**Work required:**
Pictures excluded, copy word for word the lines from the one holding "VINTAGE VIYELLA ジャケット" through the last line below.
◆ ◆ ◆ ◆
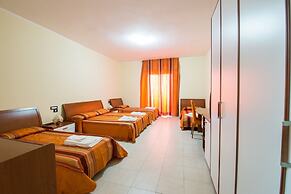 Hotel Villaggio S. Antonio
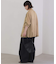 VINTAGE VIYELLA ジャケット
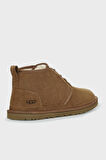Ugg Erkek Bot 3236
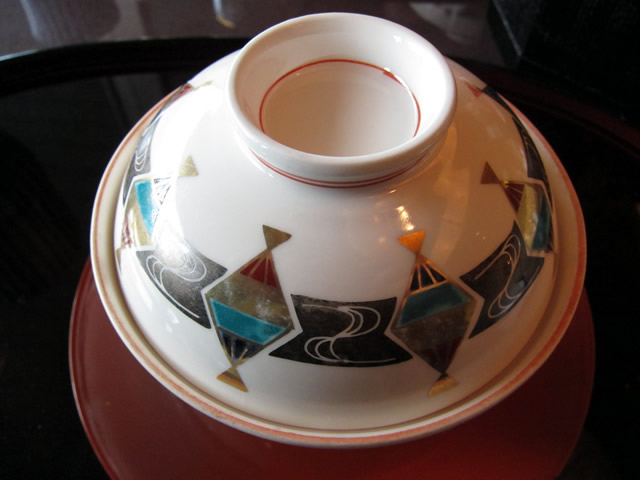 蓋2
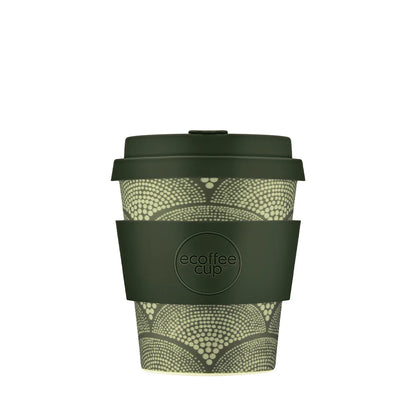 Ecoffee cup_Not that Juan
◆ ◆ ◆ ◆
**Response below:**
 VINTAGE VIYELLA ジャケット
Ugg Erkek Bot 3236
 蓋2
 Ecoffee cup_Not that Juan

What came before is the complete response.